The Company also reinserted their exclusionary language detailing how people would bump into the MX Control classification in the case of a reduction in force. We then presented our Article 11: Vacations counter offer in which we detailed the vacation accrual rate for a person on 12-hour shifts (currently only MX Control). We also added back our 6th week of vacation and vacation bank program. We additionally omitted all of the Company’s MX Control and Technical Instructor specific language that was cut and pasted to the end of the existing Article 10 language.

Following lunch the Company presented Article 10: Filling of Vacancies. They again reinserted their exclusionary language detailing how people would bid into the MX Control classification. The discussion was very similar to the one we had dealing with Article 9, and we again offered alternative solutions to what we view as a very subjective practice. The Company also stated they had a counter ready for Article 11, but they were not going to present it. We took some time and worked up a counter offer to their Article 10 where we focused on correcting some problems encountered with Temporary Vacancies, specifically someone holding multiple vacancies at the same time.

On Thursday the parties began with a lively discussion relating to where the Technical Instructors’ language should be located in regards to the rules when they perform training away from their base or station. The Company’s preferred method is to cut and paste their process to the end of the existing language in Article 7: Training. We tried repeatedly to explain that Article 7 details when a person is receiving training and it is not a section to describe the Trainers’ work rules. We identified Article 8: Field Service as the logical section to be used since we currently use Article 8 language to describe service away from a person’s base or station that is not related to an "emergency" or "to restore Company airplanes or equipment to service."
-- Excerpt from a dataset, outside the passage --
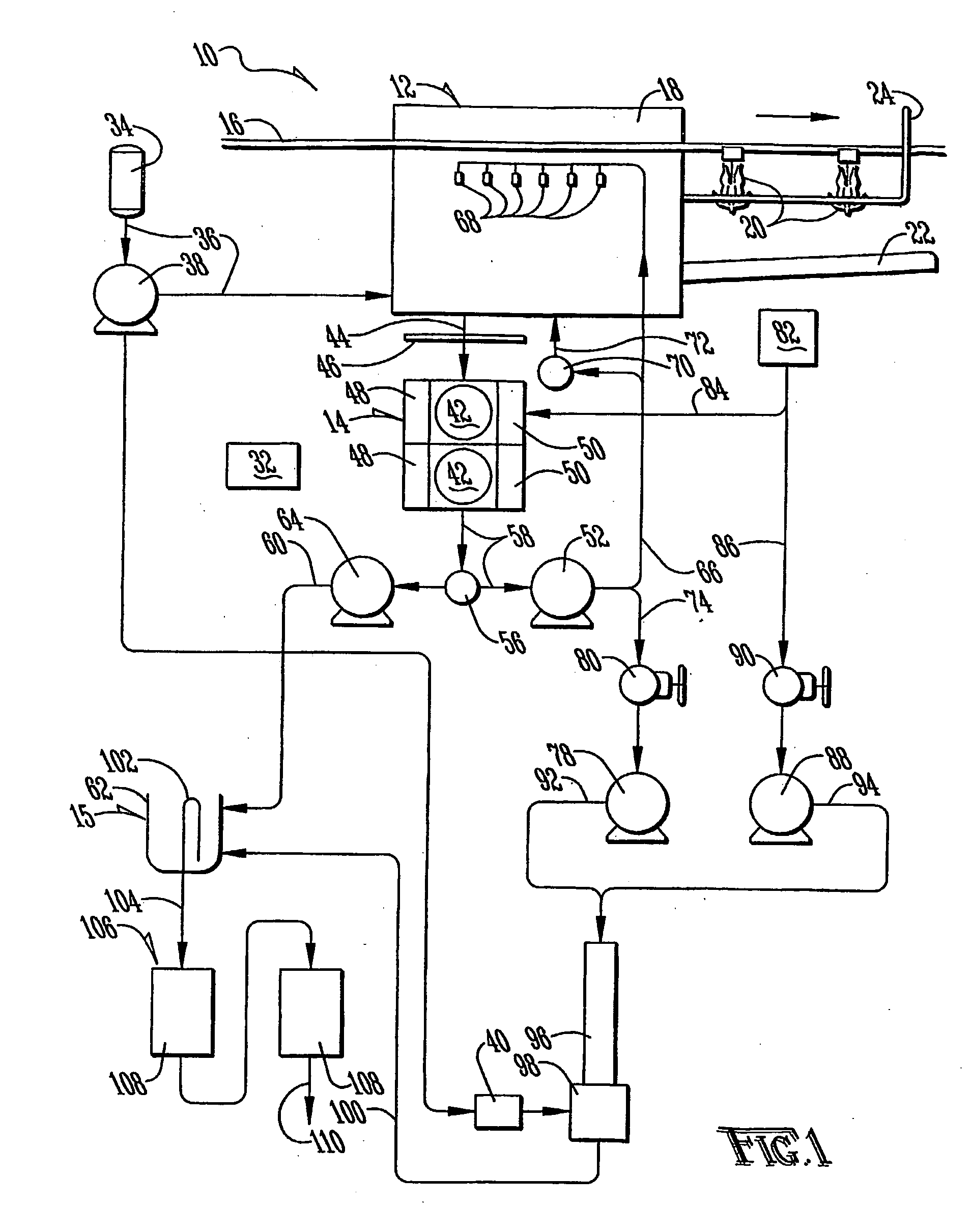 Application System With Recycle and Related Use of Antimicrobial Quaternary Ammonium Compound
We took an extensive caucus to work on an Article 8 counter proposal that inserted specific language for the Technical Instructors, and we presented it after lunch. Since Article 8 had been "tabled" for months, we had to again point out that we opposed the Company’s desire to eliminate the international field service language that we received, in part, from our offshore outsourcing (Aeroman) consent. We spent the remainder of the session discussing and clarifying our intent with respect Article 8. We also notified the Company, in no uncertain terms, that valuable negotiating time is being squandered if the Company Committee continues to allow the Maintenance Control and Technical Instructor department heads to insist on language that is wholly inconsistent with a unionized workforce. We advised the Company Committee that these department heads must understand that they are now overseeing union employees and the take-it-or-leave-it approach that existed when the groups were not unionized is an absolute non-starter. We also informed them that, during the December session, we will return to working on the main body of Collective Bargaining Agreement.

Thank you to the observers who participated in this session. We invite everyone to exercise their rights under the AMFA Constitution to observe negotiations. The next session will be in Dallas, TX on December 10 and 11, 2014.